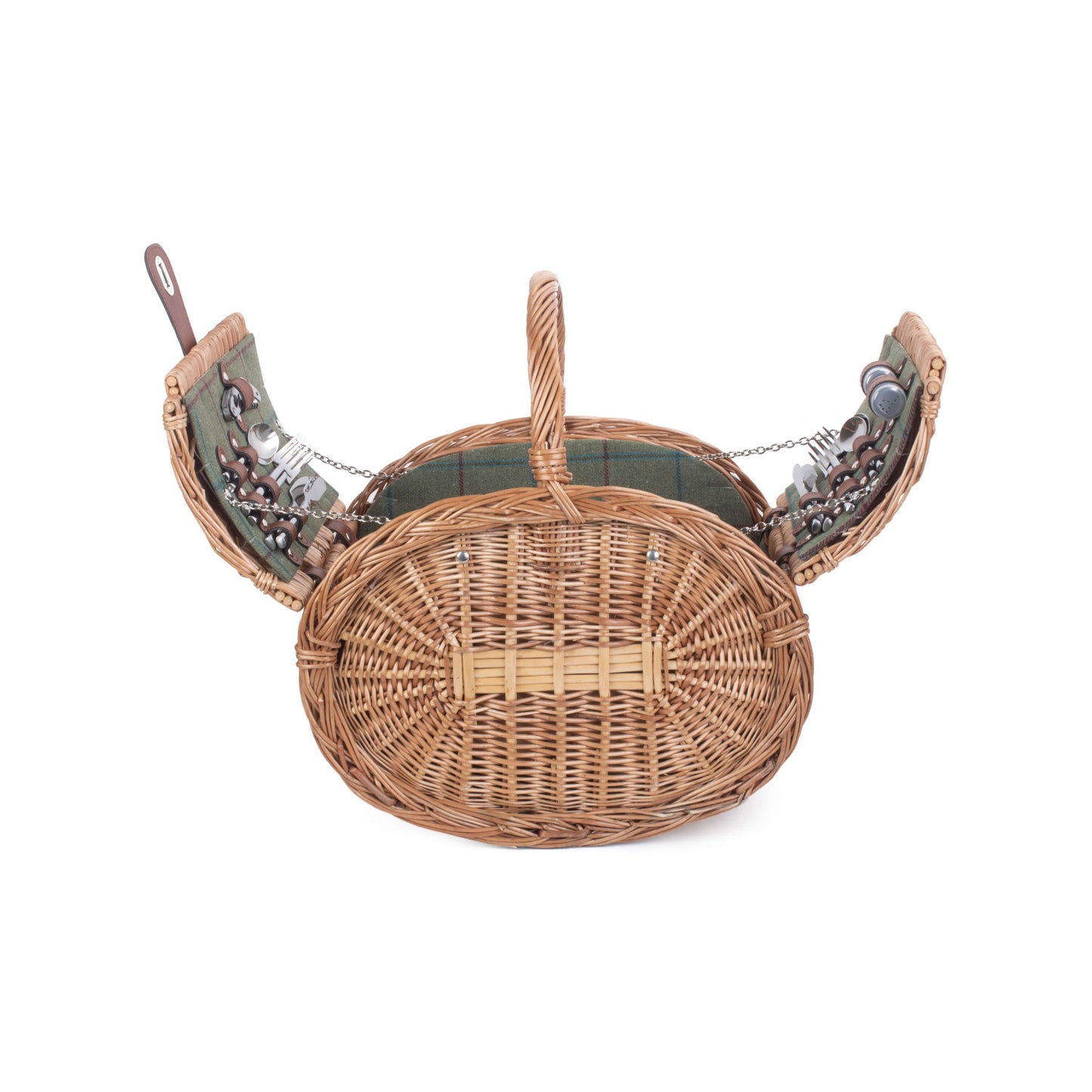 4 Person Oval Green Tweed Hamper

...

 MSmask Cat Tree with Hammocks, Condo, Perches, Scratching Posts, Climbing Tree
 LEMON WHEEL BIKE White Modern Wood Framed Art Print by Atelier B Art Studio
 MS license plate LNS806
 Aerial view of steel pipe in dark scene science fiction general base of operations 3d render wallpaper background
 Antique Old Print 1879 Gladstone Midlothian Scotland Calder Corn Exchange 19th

PROBLEM:
Find every line in the listing that has the string "Print", then give the count by itself.

EXERCISE ANSWER:
2